Score:1

Deterministic salt for KDF

cn flag

What would be recommended way to make deterministic password based file encryption?

I can use SIV mode, but KDF (like Argon) takes salt for which I could use SIV tag, but I cannot make it because I need key first.

I could use hash of file contents as salt, but that would make it 3-pass. If I would use some other single pass authenticated mode with IV generated with KDF, it would be 2-pass. Is there a better way?

EDIT: I changed my question (HKDF to KDF). I actually meant KDF generally (I had something like Argon in mind, not HKDF).

kelalaka avatar
in flag
Why not prepend the random salt to the encrypted file?
cn flag
@kelalaka You cannot, if you don't have reliable random/unique source.
kelalaka avatar
in flag
It is not you cannot, it is I cannot since you don't have a random/unique source.... You should detail more about your constraints...
cn flag
@kelalaka Constraint is it has to be determistic encryption. It is more theoretical question as fallback in case I have limited or unreliable environment.
Marc Ilunga avatar
tr flag
It seems more details on what is the goal and what has been tried is needed. HKDF supports fix salts and that is a secure KDF via indifferentiability. Also, care must be taken with how the salt is generated. A file depend salt means the attacker has potential control over the salt in a CPA setting.
cn flag
@MarcIlunga Can attacker controlling salt make it worse than no salt?
Score:1
in flag

HKDF doesn't require a salt. It does make the HKDF stronger, but in principle you can just use it without salt (or, if you're not sure, with an unreliable salt).

The salt is mainly there required when password-based encryption is used to protect against rainbow tables and identifying identical passwords. However, in this case with SIV mode you'd only be able to reliably detect identical files encrypted with the same password.
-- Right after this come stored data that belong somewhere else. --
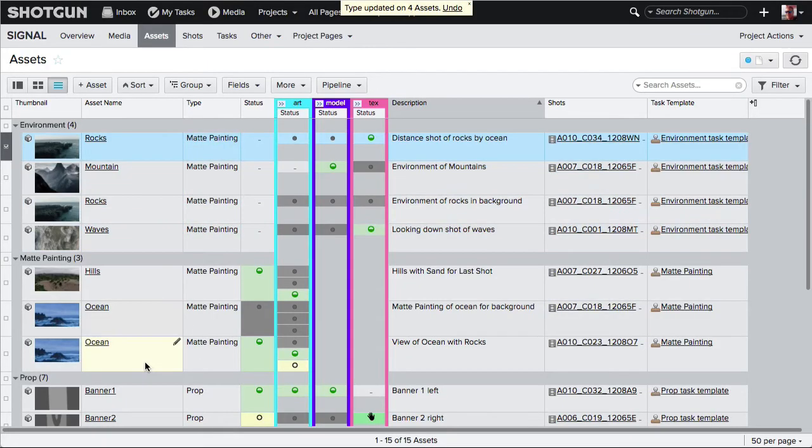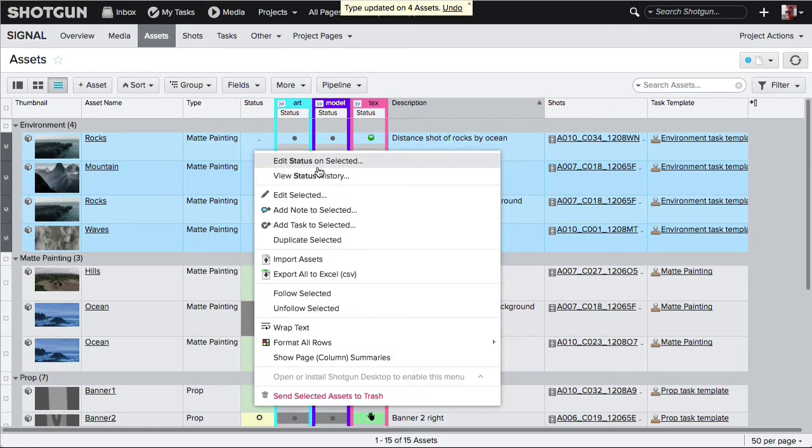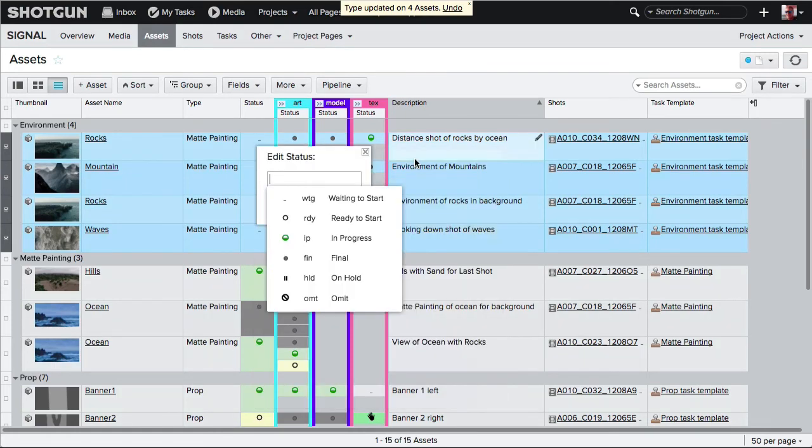You can also power edit a specific field by right-clicking on multiple selected entities. Depending upon the field you are right-clicking on, that field's option to edit the selected will be at the top of the flyout. In this case, choose 'Edit Status on Selected.'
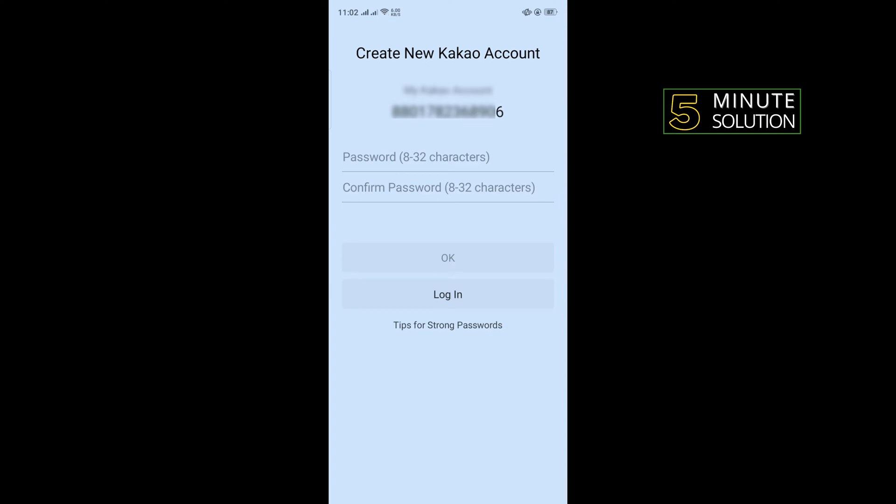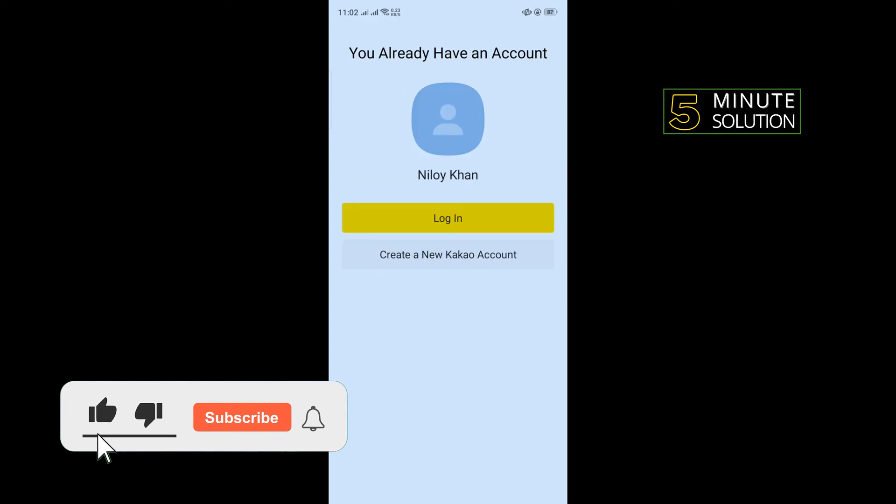And to create a KakaoTalk account, you will need to enter here your account password. And after creating a password, tap on login.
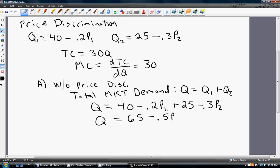Notice that the subscripts on price are ignored here. When you're not price discriminating, the price in market one equals the price in market two. So ignoring those subscripts and adding up the P terms, we get minus 0.5.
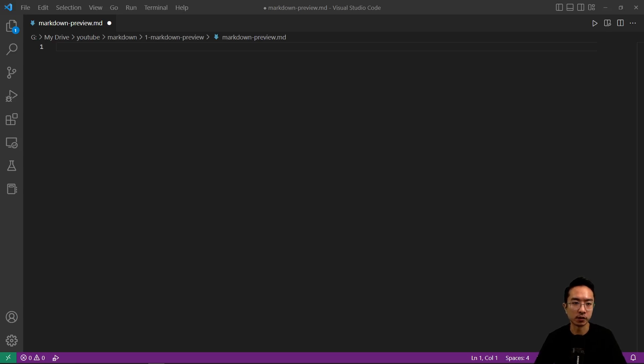Okay, so in this video I'm going to show you how to render your Markdown in Visual Studio Code.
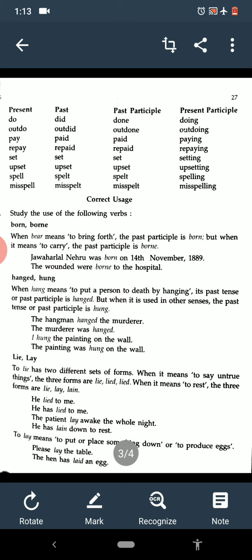Now see lie and lay. To lie has two different sets of forms. When it means to say untrue things, the forms are lie, lied, lied. When it means to rest, the forms are lie, lay, lain. 'He lied to me' means he spoke something untrue. 'The patient lay awake the whole night' and 'he has lain down to rest.' To lay means to put or place something down or produce eggs: 'please lay the table' and 'the hen has laid an egg.'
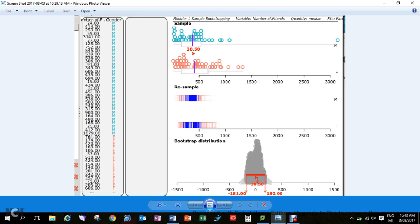That would be the end of your report. You would just say, look, we think it's somewhere in between these two amounts difference: that girls have 180 more or boys have 181 more. It's somewhere in that region. It could be that they're the same.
The main problem seems to be the password based encryption itself.


Personally I would try and use asymmetric cryptography for this: encrypt the file using a public key (hybrid cryptography, encrypting or deriving a random AES key for each file) and protect the private key using a password and a real random salt. Then you can store the well-protected private key somewhere next to the file (or, preferably, somewhere more secure). You'd also not have to perform the PBKDF for each file, once you have the private key in memory.
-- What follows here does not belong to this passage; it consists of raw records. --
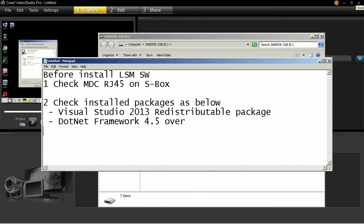Before installing the LSM software, check that the MDC RJ45 connection on the S box is seated securely. Also check that Visual Studio 2013 redistributable package and .NET Framework 4.5 are installed.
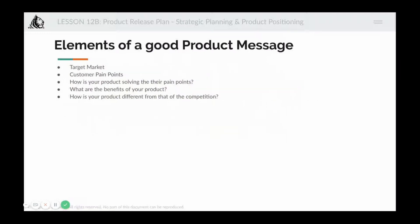What are the elements of a good product message? Some important aspects would be: the target market, customer pain points — if your user has already used certain terms and you include them in your message, customers will be much more able to connect. Also include how the product solves their pain point, what the benefits are, and how the product is different from the competition. You can include all of these or a couple, but include at least two or three in any message.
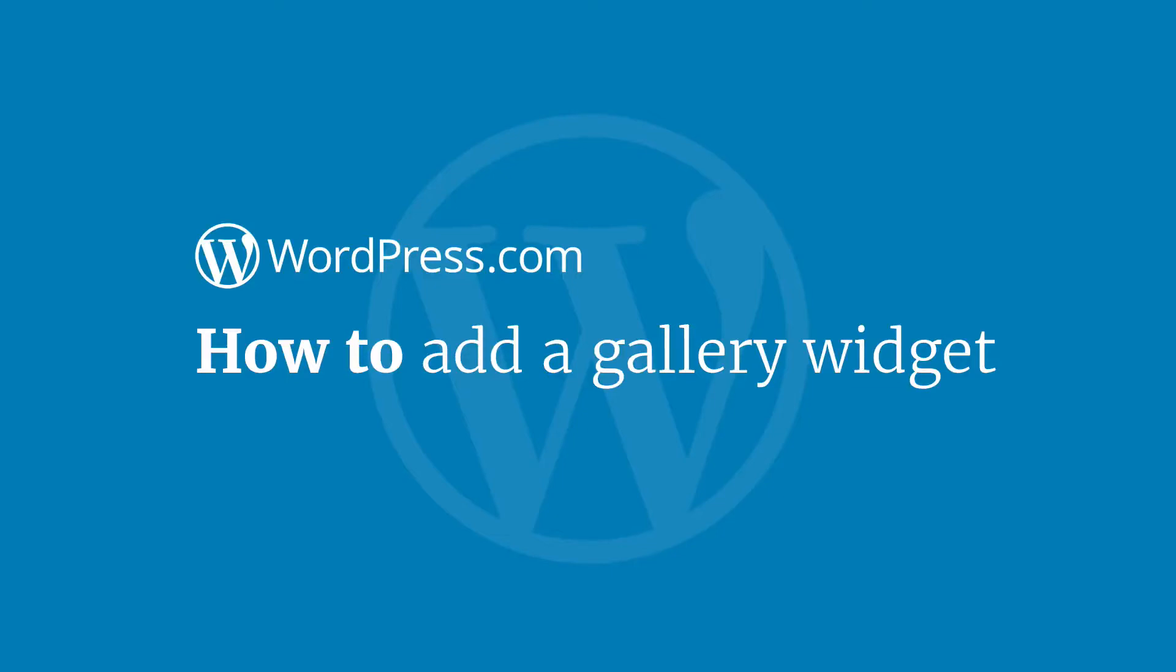Hi and welcome to WordPress.com. This video will show you how to add an image gallery widget to your WordPress.com website or blog.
Beware that many asymmetric algorithms are not secure against a full fledged quantum computer. So you might want to have another look if you want to protect your files against adversaries in the long term.

It should also be noted that, given a public key, anybody is able to encrypt. That could be a problem as an adversary may, for instance, swap or insert ciphertext without having a key.


Note that, if you remove time from the equation, that the full path is usually unique for each file. So if you'd hash that you'd have a pretty good deterministic salt - which you could also mix with a non-reliable salt. You should probably still store the salt as not to make decryption rely on that full path.

cn flag
I changed my question. I actually meant KDF generally (I had something like Argon in mind not HKDF), but I think it does not make any difference.
Maarten Bodewes avatar
in flag
Hmm, that's debatable. HKDF is a key based KDF (KBKDF) while Argon is a password based KDF (PBKDF). For HKDF a salt enhances security (and many KDF's don't accept a salt as explicit / separate input parameter), while for a PBKDF a salt is a necessary parameter.
cn flag
Using some unreliable salt like some poor jitter or coarse timestamp or file path still seems reasonable protection against rainbow tables. Although I still kinda like idea of hashing file contents and using some single pass to encrypt, if files are small enough.